**About this task**
In the records below, repeat exactly the lines between the line holding "If you wanted" and the line holding "I'm making this", inclusive, and drop the pictures.

Material to process START

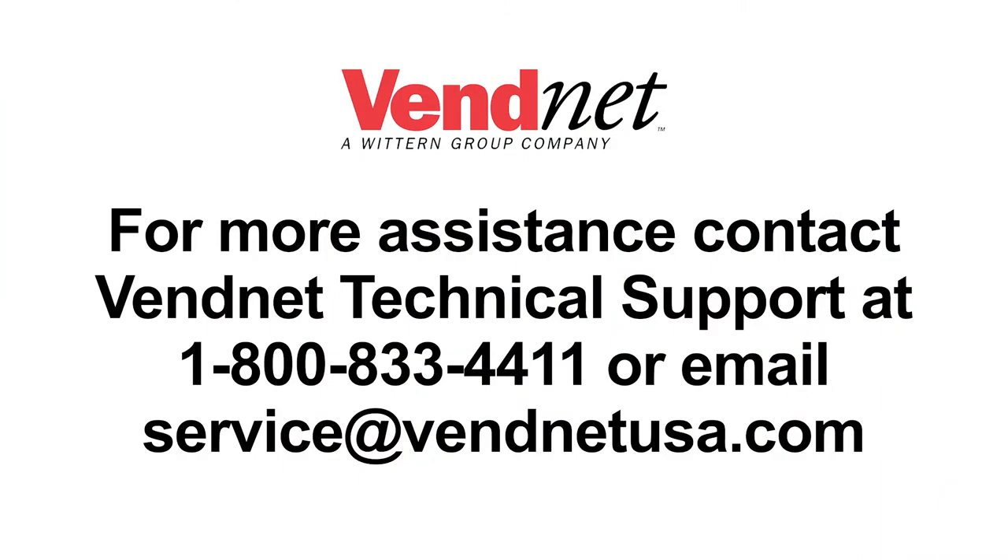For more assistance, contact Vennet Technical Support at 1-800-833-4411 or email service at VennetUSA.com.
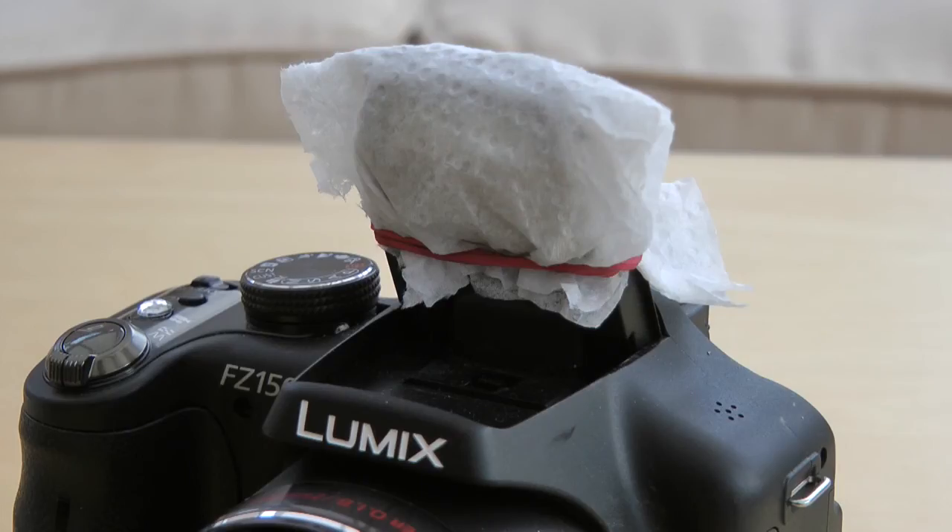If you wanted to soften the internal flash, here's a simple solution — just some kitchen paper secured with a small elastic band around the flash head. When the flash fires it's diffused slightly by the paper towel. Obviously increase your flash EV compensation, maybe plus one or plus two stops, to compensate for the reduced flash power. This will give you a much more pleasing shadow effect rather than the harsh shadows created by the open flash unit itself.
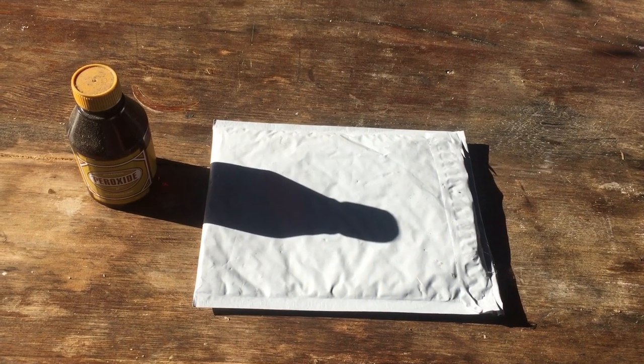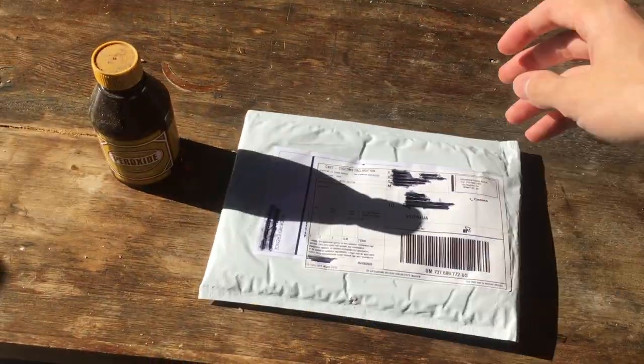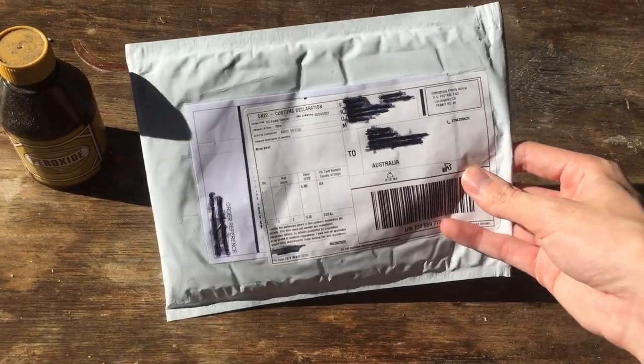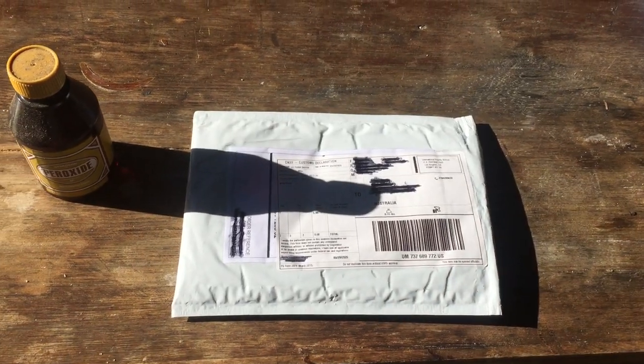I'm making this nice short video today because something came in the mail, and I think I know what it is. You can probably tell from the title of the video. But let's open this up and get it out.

Material to process END
Material to process START

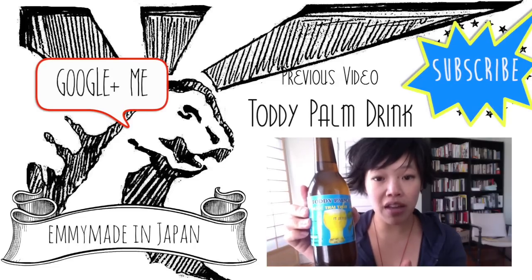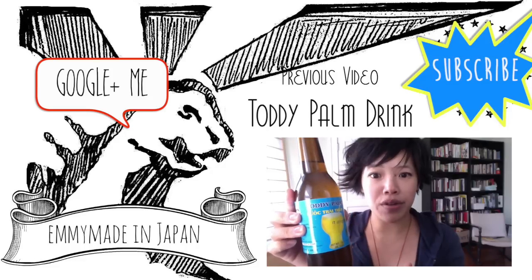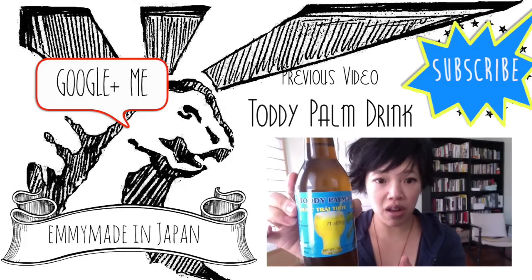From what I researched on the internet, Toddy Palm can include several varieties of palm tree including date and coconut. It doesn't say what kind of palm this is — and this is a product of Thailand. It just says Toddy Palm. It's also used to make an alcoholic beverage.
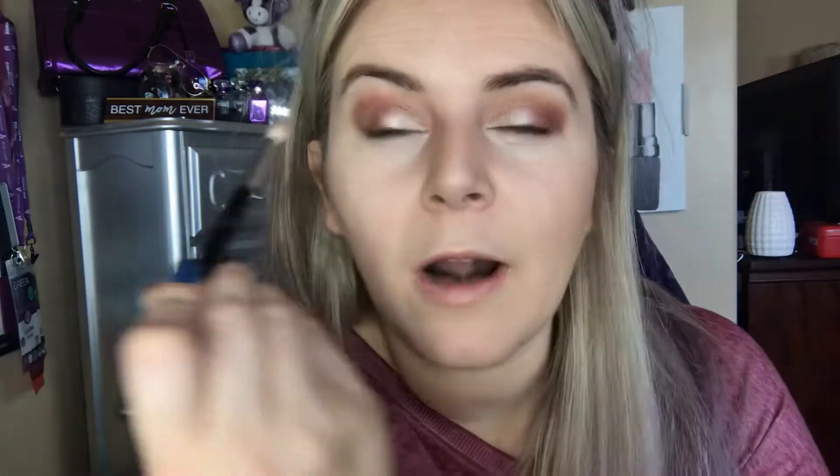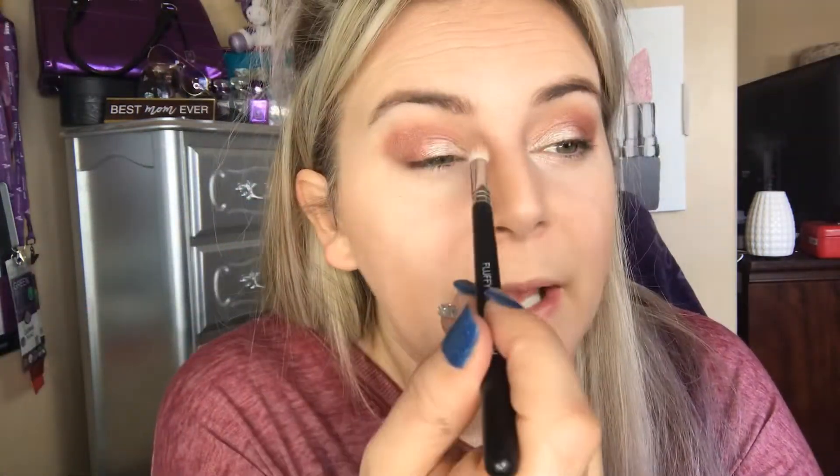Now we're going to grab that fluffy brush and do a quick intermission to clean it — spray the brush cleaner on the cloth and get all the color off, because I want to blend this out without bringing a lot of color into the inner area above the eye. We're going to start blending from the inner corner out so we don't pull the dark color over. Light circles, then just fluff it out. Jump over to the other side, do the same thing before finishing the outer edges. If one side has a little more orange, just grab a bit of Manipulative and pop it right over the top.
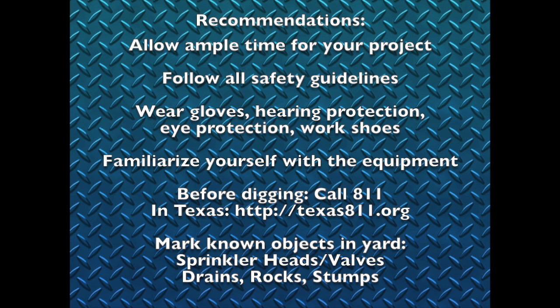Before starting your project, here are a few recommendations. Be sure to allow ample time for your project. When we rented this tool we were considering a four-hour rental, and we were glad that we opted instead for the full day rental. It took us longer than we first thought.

Material to process END
Material to process START

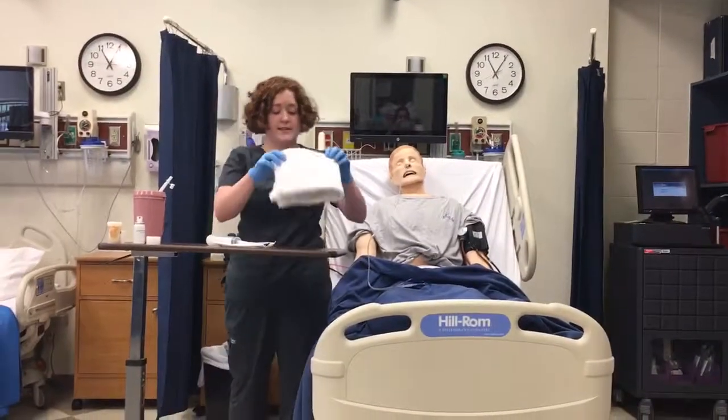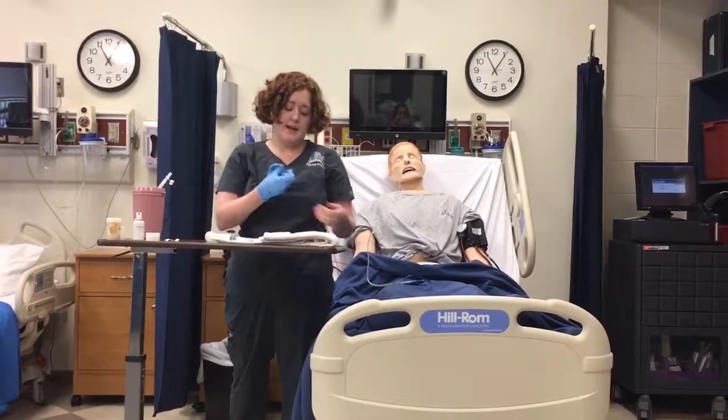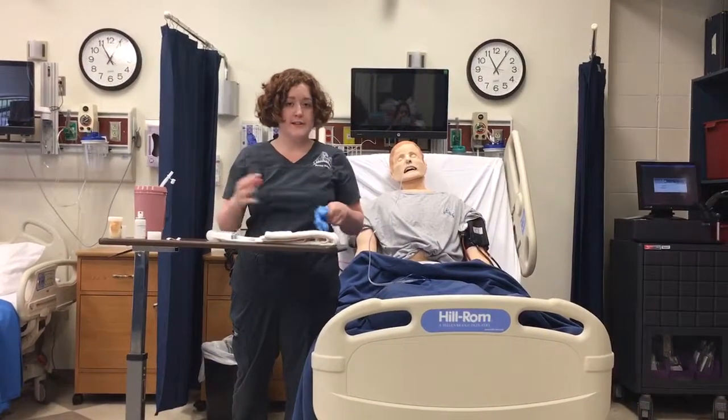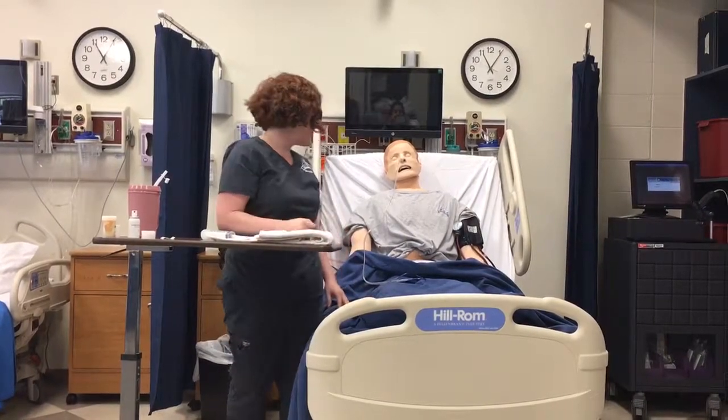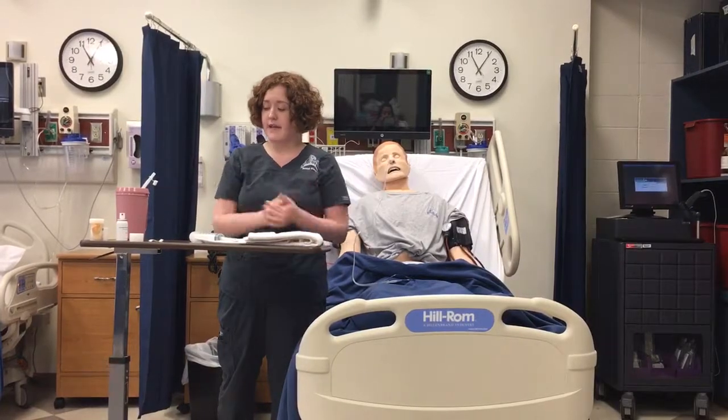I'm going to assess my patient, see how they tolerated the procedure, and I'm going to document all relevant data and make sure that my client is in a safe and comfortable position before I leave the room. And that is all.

Material to process END

**Your solution**
If you wanted to soften the internal flash, here's a simple solution — just some kitchen paper secured with a small elastic band around the flash head. When the flash fires it's diffused slightly by the paper towel. Obviously increase your flash EV compensation, maybe plus one or plus two stops, to compensate for the reduced flash power. This will give you a much more pleasing shadow effect rather than the harsh shadows created by the open flash unit itself.
I'm making this nice short video today because something came in the mail, and I think I know what it is. You can probably tell from the title of the video. But let's open this up and get it out.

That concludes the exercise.